Long, long ago, it began with people seeking a newer world, a new beginning. and that search is what still brings people to our land. A second chance, isn’t that remarkable!

This country is grounded in some remarkable ideas, here are a few that we should never forget:

“We hold these truths to be self-evident, that all men are created equal; that they are endowed by their Creator with certain unalienable rights; that among these are life, liberty and the pursuit of happiness. That to secure these rights, governments are instituted among men, deriving their just powers from the consent of the governed…”  Declaration of Independence

“…and that the government of the people, by the people, for the people, shall not perish from this earth.” Gettysburg Address, Abraham Lincoln 

“We the people of the United States, in Order to form a more perfect Union, establish Justice, insure domestic Tranquility, provide for the common defense, promote the general Welfare, and secure the Blessings of Liberty to ourselves and our Posterity, do ordain and establish this Constitution for the United States of America.” Preamble to the Constitution of the United States

This country is still a work in progress. Our ancestors aimed high, so should we.

Happy July 4th.

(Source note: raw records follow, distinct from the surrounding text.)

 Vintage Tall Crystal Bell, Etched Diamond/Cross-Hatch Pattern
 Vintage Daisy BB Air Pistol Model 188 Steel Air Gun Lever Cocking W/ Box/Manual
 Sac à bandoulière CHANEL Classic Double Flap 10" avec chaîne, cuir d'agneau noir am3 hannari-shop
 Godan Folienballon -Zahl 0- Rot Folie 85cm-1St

Enjoy.

All the hills are covered with snow

Not many hills in this are, a lot of flat lands around here, farm fields and spruces are beneath the snow. A few weeks ago when we had the same conditions, I curled up with some of the books that I have been accumulating. One of those was The Death and Life of the Great Lakes by Dan Egan. A well researched and finely written book about people’s hubris when it comes to the world around us.

The Great Lakes astounded the Europeans. An expanse of fresh water which seemed to be an inland sea. Then the exploitation started without thought of the consequences: over fishing, introduction of non-native species, pollution, connections to the seas. And it continues today. But Dan Egan is hopeful. Because of people. Because we see the beauty,of the lakes, the need to protect such a large fresh water source, the pleasure of being on lakes.  One person at a time. Good book, take time to read it.

Remembrance

As we put finishing touches on family and friend gatherings, we need to pause and remember the tragedy of five years ago. We should send our prayers, good thoughts, and regrets to the families of Sand Hook Elementary School and the community of Newtown, Conneticut.

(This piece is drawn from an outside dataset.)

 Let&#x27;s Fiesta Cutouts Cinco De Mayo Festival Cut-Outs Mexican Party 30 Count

Twenty children were slaughter with six adults that taught and cared for them. A person who should never possessed a gun shot his mother, then the children, then himself.

The last prayer we say today should be for ourselves, to help understand what we have become through our inaction.

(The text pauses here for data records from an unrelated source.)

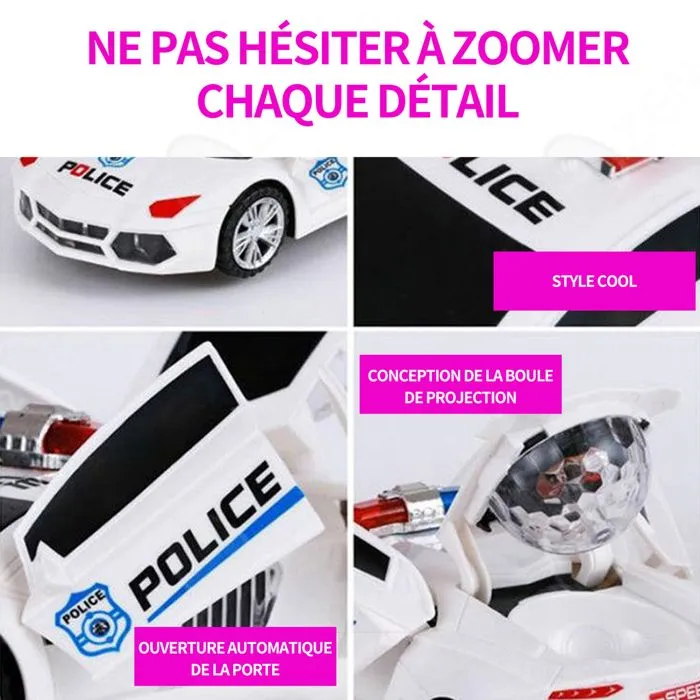 C Voiture de police 26x11x7cm voiture jouet enfant avec lumières à ouverture automatique son lumineux jouet de voiture de police-3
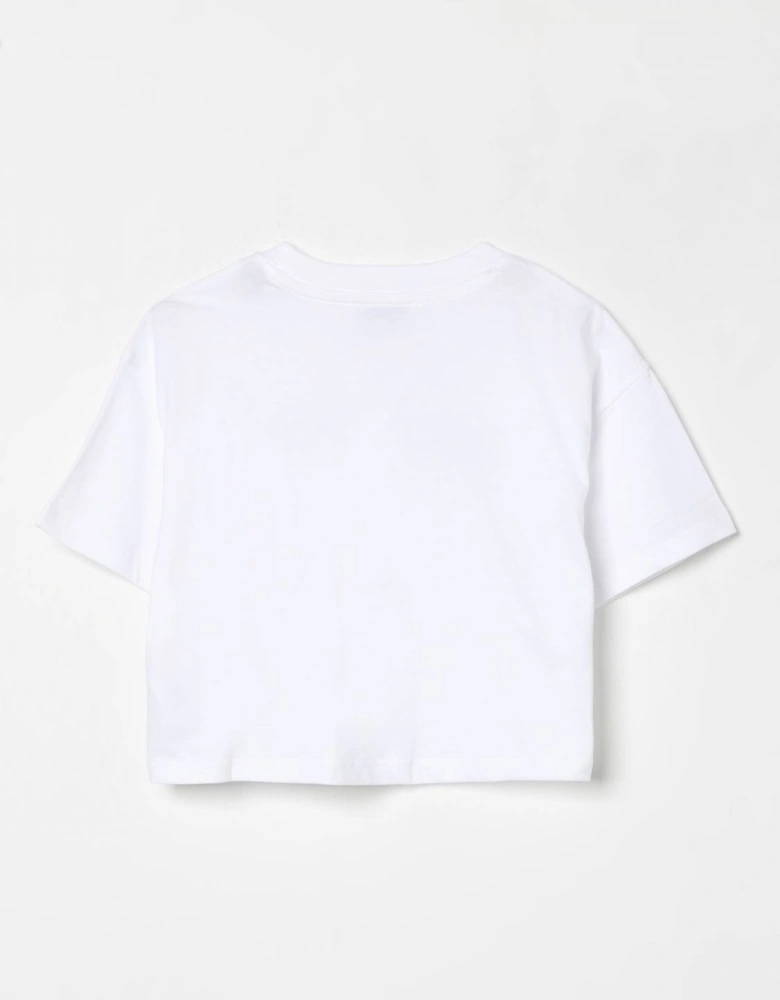 Cropped RhinestoneEmbellished Tee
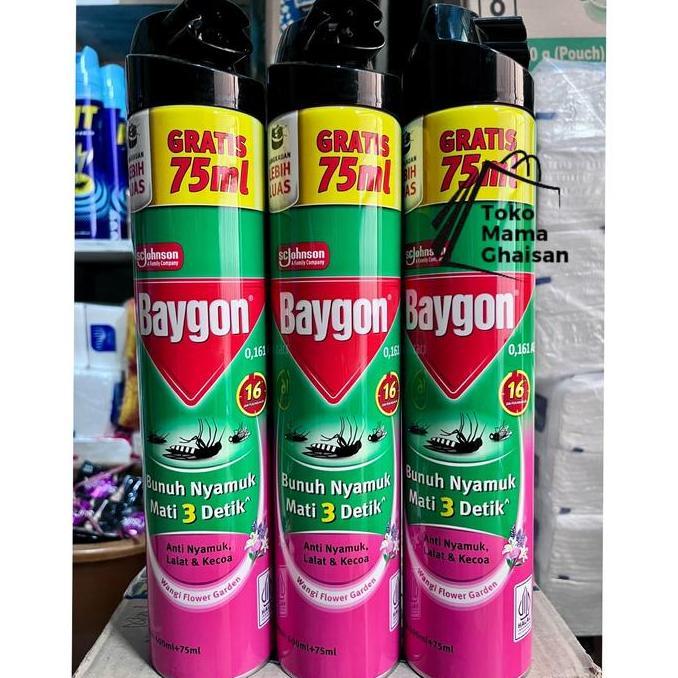 BAYGON OBAT NYAMUK SEMPROT 600ML + 75ML WANGI FLOWER GARDEN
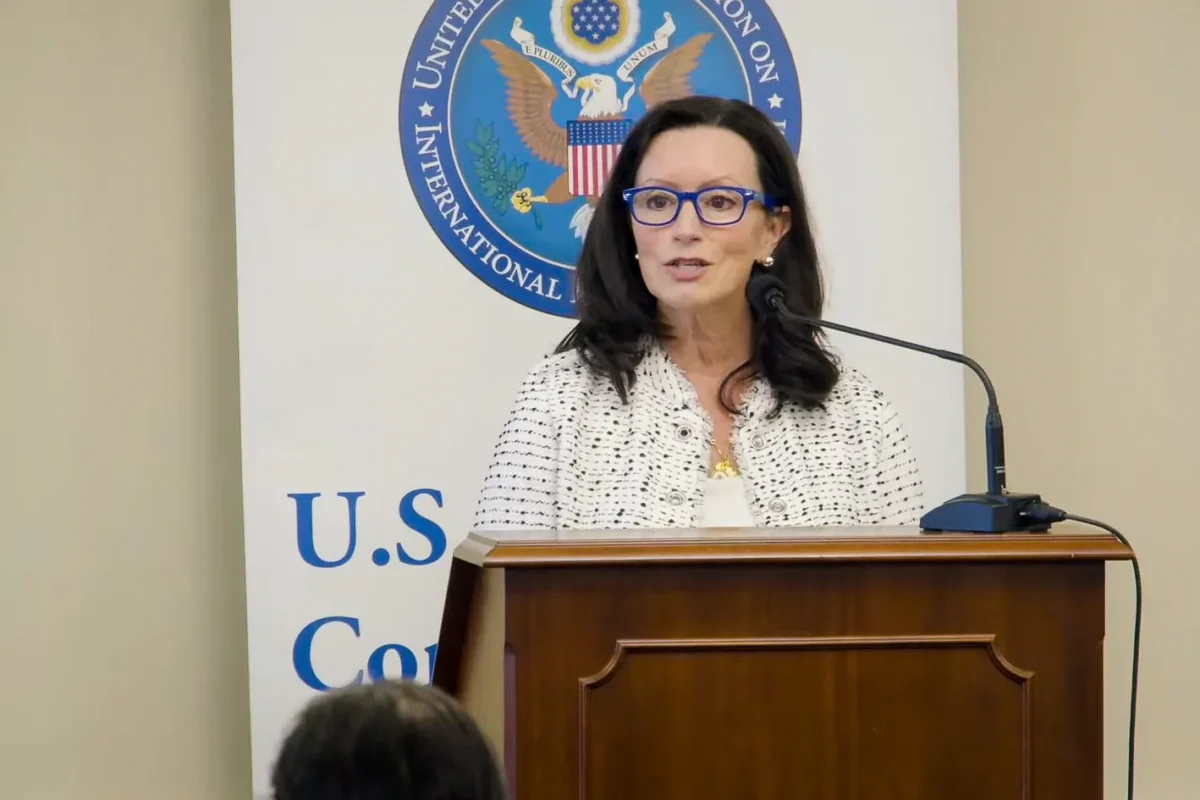 Maureen Ferguson speaks at an event held by the U.S. Commission on International Religious Freedom in Washington on March 4, 2026. (Screenshot via The Epoch Times)
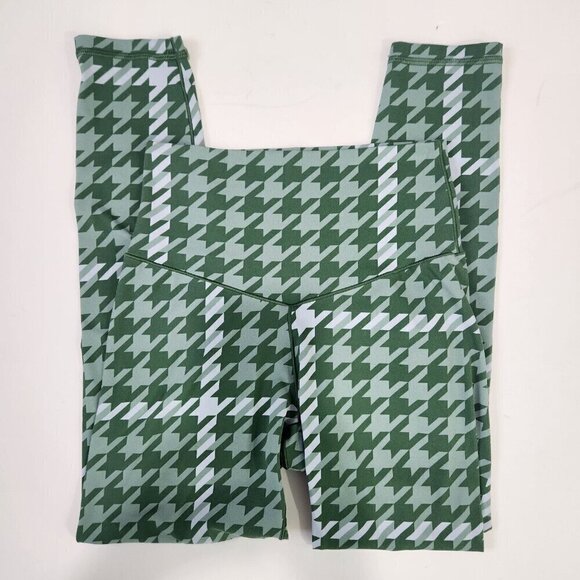 Offline By Aerie Real Me Xtra 7/8 Leggings M Green Houndstooth High Waist - Picture 12 of 12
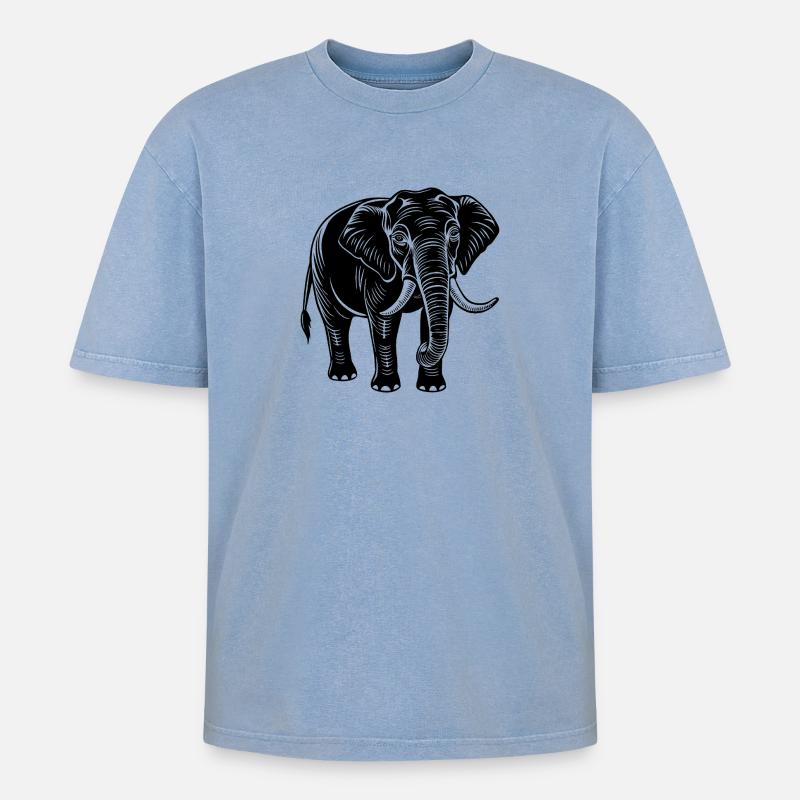 Éléphant - T-shirt Premium unisexe oversize acid-washed - bleu délavé acide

We could have done better, didn’t and still haven’t.

 

Power

This is my take on the recent reports of sexual misdeeds involving every level of our society.

Sexual misdeeds(all levels of it) are about power, who has it and who doesn’t.

Women did not have power or perceived that they didn’t. Now we do.

One woman and the sixty-six million people who voted for her changed that.

Thank-you Hillary Rodham Clinton.

Do we have the grit to enact the changes that are needed in the United States to address this.

November 2017

Yesterday I would have said that this fall was reminding me of this spring’s weather–rain interrupted by a few days of good weather.The crops got planted in spurts. It looks like the crops will get harvested the same way. With this morning’s snow, I’m thinking that it reminds me more of the winter of 1985-86. That year the snow came , then kept piling up. We finished harvesting in the spring.

So, with snow on the corn, we will wait until it melts off before finishing the harvest. It may be that we will finish in December–haven’t done that in a while.

I’m working on it–honestly!

Enjoyed this weekend, relaxed, caught up with friends, and didn’t think about work. But it kept coming up in conversation.

“What book are you on, the fourth?” Noooo, I’m doing revision work on my third book.

“Have you published your next book yet?” Noooo, I’m working the revisions.

“When do you think you’ll have it done?” I shrug my shoulders.

But I promise to continue the revisions after one more week of doing nothing…really.

I think all the interruptions in the past year have added up to a better book,at least I hope so.